Okay, I’ll stop complaining like a small child and grow up a little bit. I’ll complain like an adolescent.
Quickly, I’ll give you a little background so you know where I’m coming from. I have an iPhone and an iPad; I love them both.
The iPad iOS, however, is terrible. It’s not that it functions poorly… it’s just… lazy! On the one hand, I understand the benefit to making it just like the iPhone OS; it can be easily navigated by anyone who has used an iPhone.
But that’s the problem! It’s not an iPhone! The entire user experience is completely different on an iPad than on an iPhone.
It’s not like apple doesn’t know this, either. The best apps (including apple apps like the calendar) are tailored to the new device. The iphone “launchpad” is archaic and silly on this big screen. Surely apple could have come up with a better way to get around. There should be more sweeping gestures! There should be grouping and pinching and dragging.
The best iPad apps are things that could never be done on the iPhone. They are tailor fit for the device (which is marvelous). They take advantage of the real estate.
It’s weird, I’m so happy with the iPad, while at the same time, I am so mad at it for such an easy (for apple) thing to get right.
Enough ranting… I should probably respond to the points you raised in your post!
I definitely think that including apps for the desktop is a good idea. It allows developers the ability to take over the entire UI more readily. Developers don’t deserve to be relegated to a window… I think a lot of good innovation will come from this sort of freedom.
Apple is clearly taking us there with OSX. They agree that multitouch should be handled by a pad, not the screen on keyboard-based devices. We’ve seen desktop-as-giant-multitouch control for decades, so I don’t think what they’re proposing is novel or even unexpected.

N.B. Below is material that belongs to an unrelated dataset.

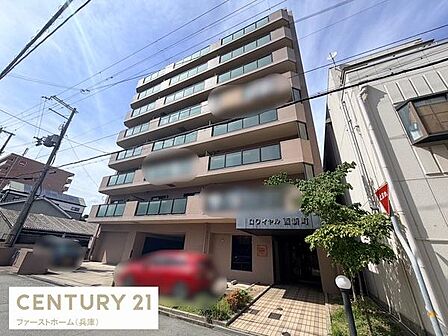 すっきりとした外観が目を引く建物です。大きな窓が並び明るさを感じさせます。エントランスはタイル敷きで植栽も整えられています。通りに面した配置で視認性もあります。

But the specifics of their concept are questionable. I’m not convinced that seeing all your fingertips on the screen would be usable vs. a single pointer. Think about it, you want to target one thing, but you’ve got 10 crosshairs on the screen and you now need to decide which one is going to take action. In that situation, who wouldn’t use their dominant index finger? And if so, why display the clutter of the other 9 fingers?
The “linear window manager” seems tedious–they say having everything in a row is simpler, but I see it as unnecessarily restrictive. I think the new OSX Mission Control feature does the same thing, better.
Yah I am not digging this interface whatsoever. I like having control of my windows. Plus why would I need more then one pointer on a screen. I’m a pretty smart guy but would I be doing more then 1 thing at a time. Not to mention WORK; how much physical work is needed in order to do anything. I can move my mouse pointer 24 inches across the screen in a split second with the flick of my wrist.